Multi-Tenancy¶
Carbon Connect implements a pool model multi-tenancy architecture where all tenants share a single PostgreSQL database, with data isolation enforced through Row-Level Security (RLS) policies and application-level middleware. This approach balances operational simplicity with strong data isolation guarantees.
Architecture Overview¶
graph TB
subgraph Request Flow
REQ["Incoming Request<br/>(Bearer JWT)"]
AUTH["JWT Authentication<br/>Decode token, validate user"]
TENANT["Tenant Validation<br/>Verify tenant_id, check active"]
HANDLER["Route Handler<br/>Business logic"]
end
subgraph Data Layer
DB["PostgreSQL<br/>Single Database"]
RLS["Row-Level Security<br/>tenant_id filtering"]
S3P["S3 Prefix Isolation<br/>s3://bucket/tenant-{id}/"]
end
REQ --> AUTH
AUTH --> TENANT
TENANT --> HANDLER
HANDLER --> DB
DB --> RLS
HANDLER --> S3P Tenancy Model¶
Pool Model¶
All tenants share a single grant_engine database. Data isolation is enforced at two levels:
- Application Level: FastAPI middleware injects the authenticated user's
tenant_idinto every database query. - Database Level: PostgreSQL Row-Level Security policies filter rows by
tenant_id.
This approach was chosen over per-tenant schemas or per-tenant databases because:
- Simpler operations: Single database to backup, migrate, and monitor
- Cost-effective: No database-per-tenant overhead
- Easier migrations: Alembic runs once against a single schema
- Cross-tenant analytics: Platform-level aggregations are straightforward (when needed)
Tenant-Scoped vs Shared Tables¶
| Scope | Tables | Isolation |
|---|---|---|
| Tenant-scoped | users, companies, matches, applications, documents, notifications | Filtered by tenant_id on every query |
| Shared | grants, alembic_version | Accessible to all tenants (grant data is global) |
Grants are Shared
The grants table is intentionally not tenant-scoped. Grants are public funding opportunities scraped from external sources and shared across all tenants. Only matches and applications (which link companies to grants) are tenant-isolated.
Tenant Model¶
The Tenant model (in backend/app/models/database/tenant.py) represents an organization:
class Tenant(BaseModel):
__tablename__ = "tenants"
name: Mapped[str] = mapped_column(String(255), nullable=False)
slug: Mapped[str] = mapped_column(String(100), unique=True, nullable=False, index=True)
settings: Mapped[dict] = mapped_column(JSONB, default=dict)

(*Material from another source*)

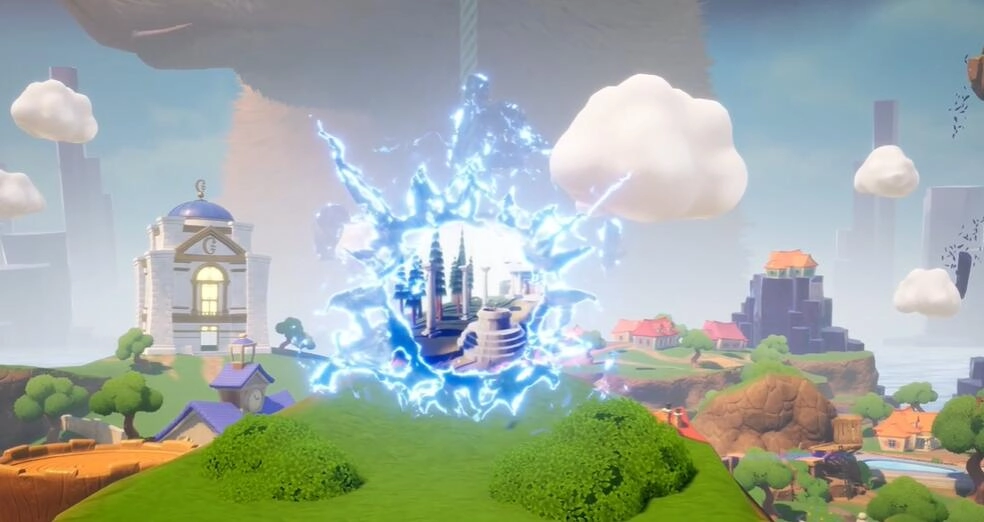 模拟山羊3多元宇宙大脑试炼免费原版图2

subscription_tier: Mapped[str] = mapped_column(
String(50), default="explorer", nullable=False,
) # explorer, professional, enterprise
is_active: Mapped[bool] = mapped_column(Boolean, default=True, index=True)
Subscription Tiers¶
| Tier | Description | Features |
|---|---|---|
explorer | Free tier | Basic matching, limited API calls |
professional | Paid tier | Full matching, carbon profile, email notifications |
enterprise | Custom tier | All features, partner API, white-label options |
Middleware Implementation¶
Tenant isolation is enforced through FastAPI dependency injection in backend/app/api/deps.py. Every authenticated endpoint automatically receives the validated tenant context.
Authentication Chain¶
The authentication chain validates the JWT token, retrieves the user, and verifies the tenant in a single dependency chain:
async def get_current_user(
token: Annotated[str, Depends(oauth2_scheme)],
db: Annotated[AsyncSession, Depends(get_db)],
) -> User:
"""Get the current authenticated user from the JWT token."""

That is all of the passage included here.